There are two ways to initially gather the data.  One is to disguise the collection as part of the backup process, so a sudden high bandwidth access to the data is not noticed.  A variation is to target a finished backup, which will be less likely to cause a disruption in access to the live data. The other way is to low-bandwidth randomly sample the data slowly over a long period of time.

Having obtained the data, and somehow having transported it over the perimeter, the next problem is how to release the data.  This is where things get technically interesting.

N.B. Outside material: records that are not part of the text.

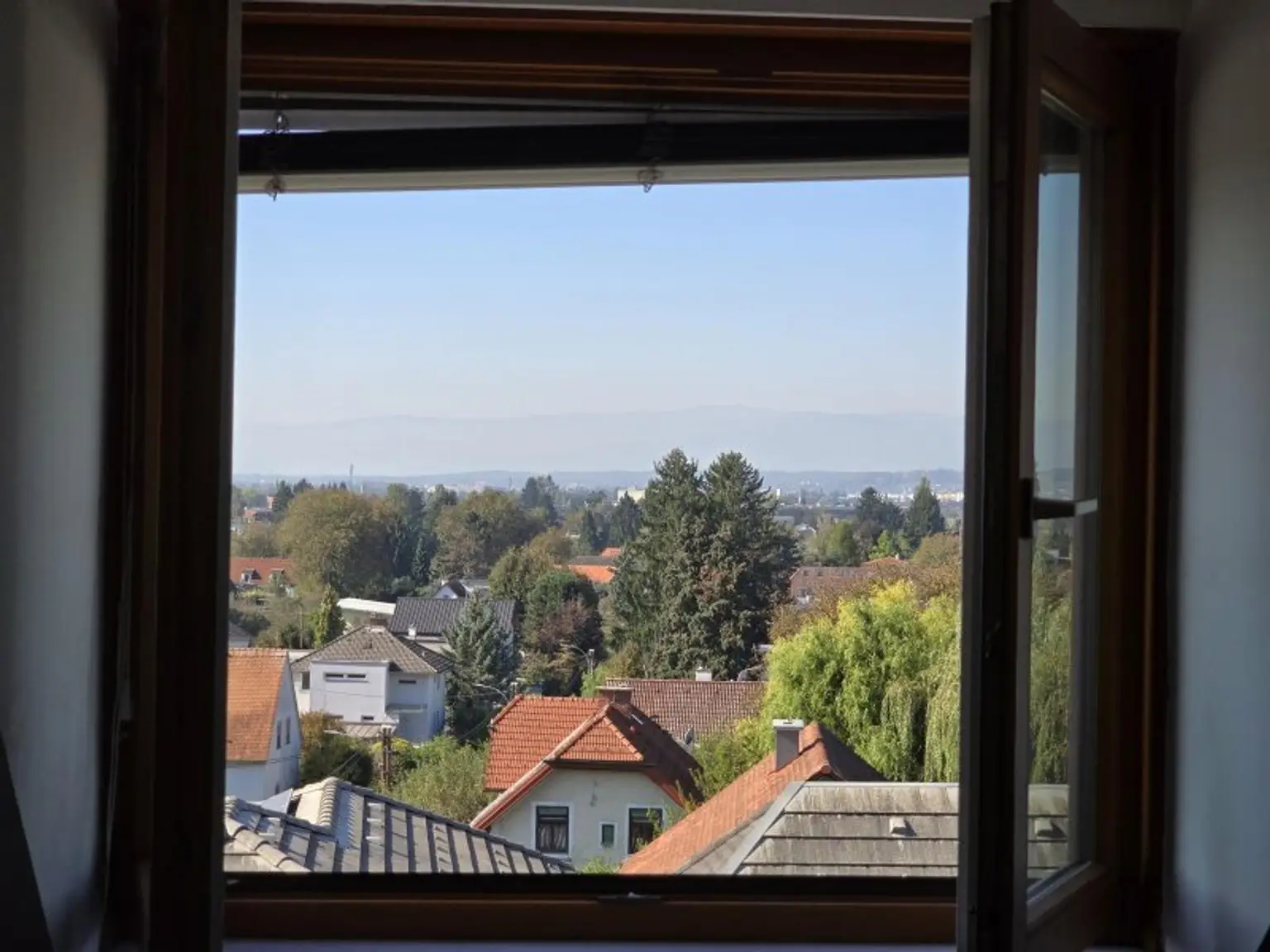 Exklusive Stadtwohnung mit großzügiger Fläche, 5 Zimmer und hochwertiger Ausstattung - Perfekt für Familien!
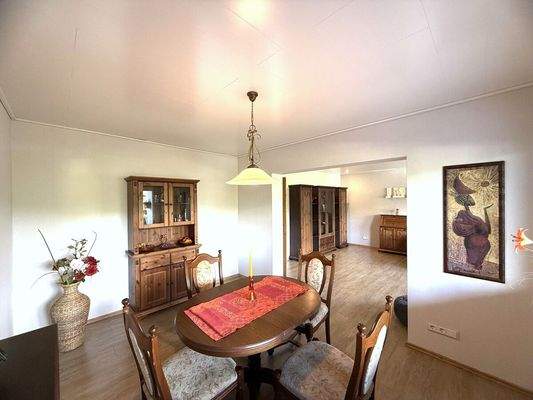 Esszimmer Bild 2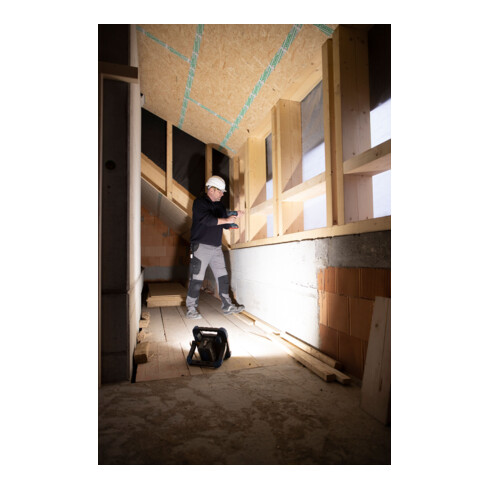 Projecteur mobile LED à accumulateur Brennenstuhl BS 5000 MA Système Bosch, 6000lm, IP55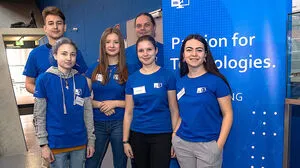 Sie führten stolz durch ihre FH: Walter Islebe, Vanessa Mischkounig, Lisa Krenn, Franz Philipp Kraushofer, Katrin Podgornik und Theresa Steinwender 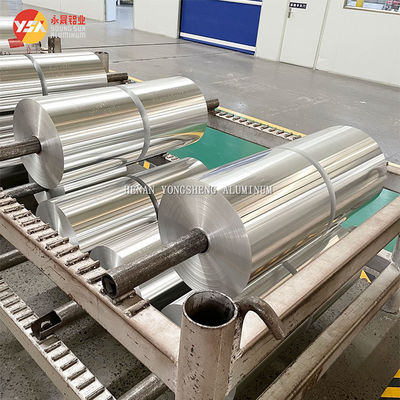 3003 3004 3005 Feuille d'aluminium allié Jumbo Roll Coil Stock Emballage enveloppé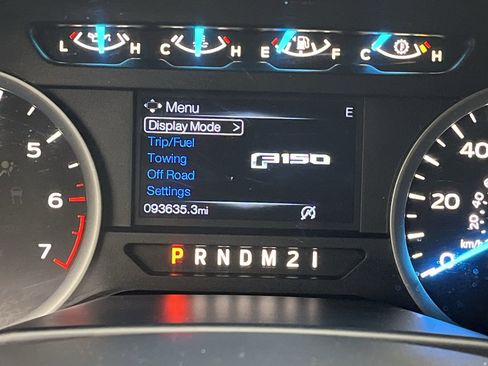 Used 2015 Ford F150 XLT w/ Equipment Group 302A Luxury image 15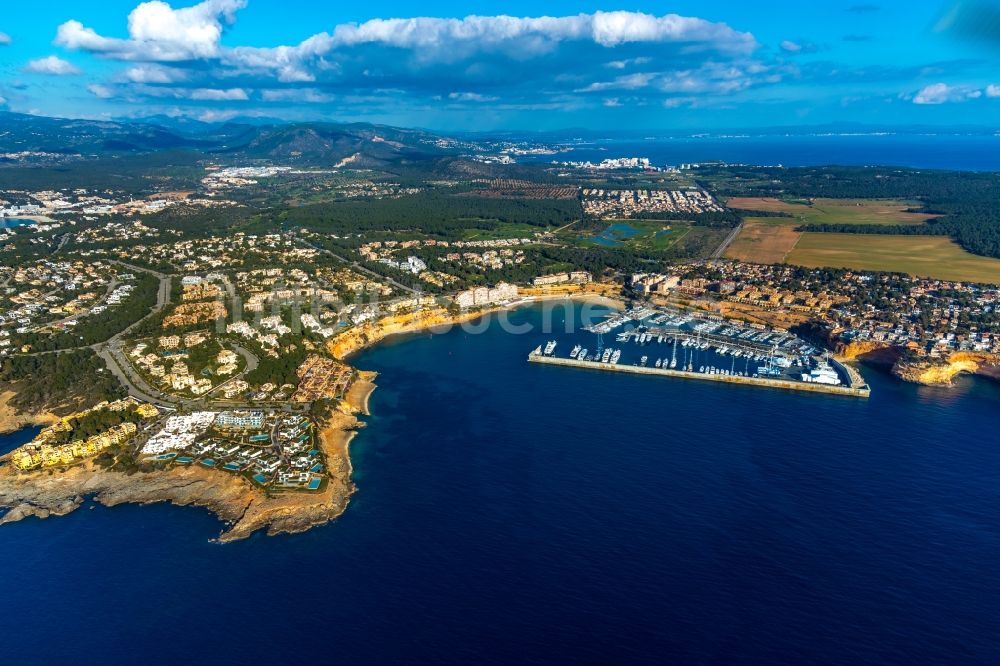 El Toro von oben - Yachthafen mit Sportboot- Anlegestellen und Bootsliegeplätzen am Uferbereich des Balearen-Meer in El Toro auf der balearischen Mittelmeerinsel Mallorca, Spanien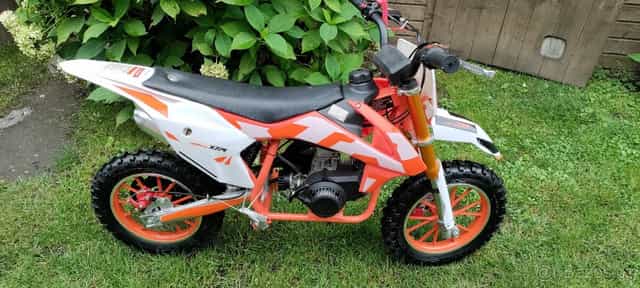 Nová dětská benzinová minikroska 49ccm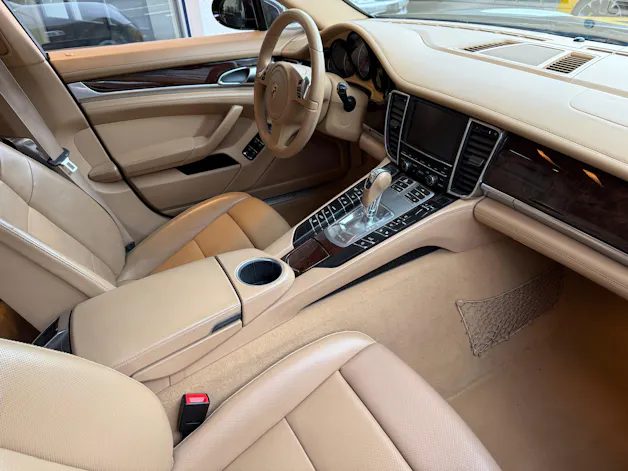 Porsche Panamera 4S 4.8 PDK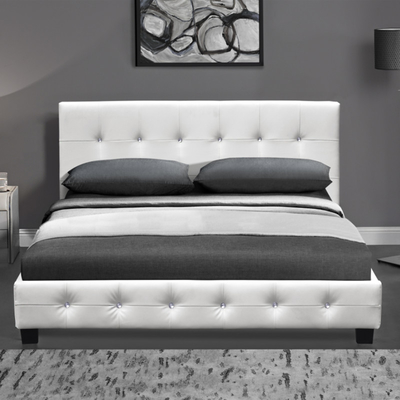 Tempat Tidur Kulit Berlapis Kancing Cristal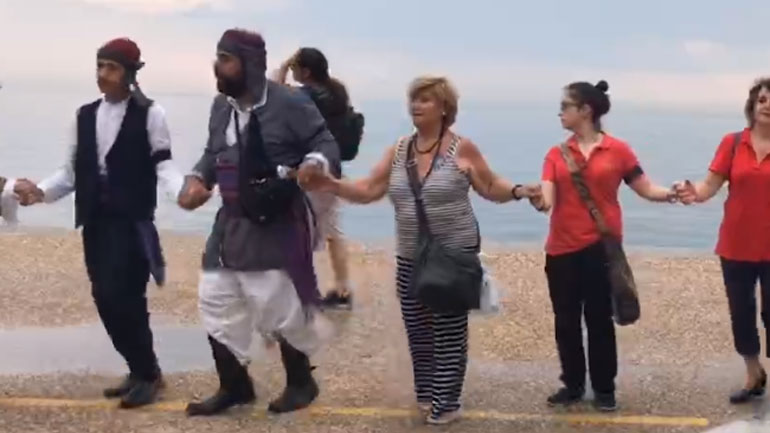 «Ένας χορός για τη Μακεδονία» στην παραλία της Θεσσαλονίκης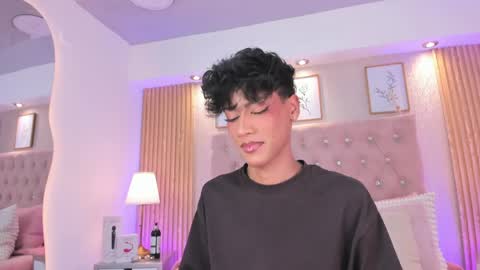 Snapshot of jonas_hiill chatting on May 19, 2026, 11:11 pm Jonas online show from May 19, 2026, 11:11 pm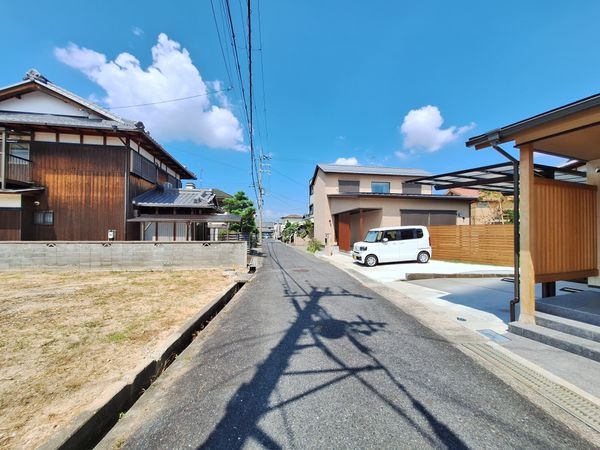 草津市野路８丁目　新築一戸建て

The bad company will use all available legal and extra-legal means to suppress the data, in hopes of denying the leak ever occurred.  A large bad company with political connections will be probably be able to enlist / bribe / blackmail the government into aiding the suppression.

Do we have a censorship resistant medium or technology that can handle such a very large amount of data?

Consider the shortcomings of Bittorrent.  Bittorrent is designed under the assumption that any particular downloader can fit the entire download.  During the initial period after the release, there is exactly one seed which is very vulnerable to attack.

Prior to release, the whistleblower should first replicate the data in many places, or else there will be a single point of failure for the bad company to attack.  Such replication is expensive.  The whistleblower will need to buy or rent tens or hundreds of petabytes of storage.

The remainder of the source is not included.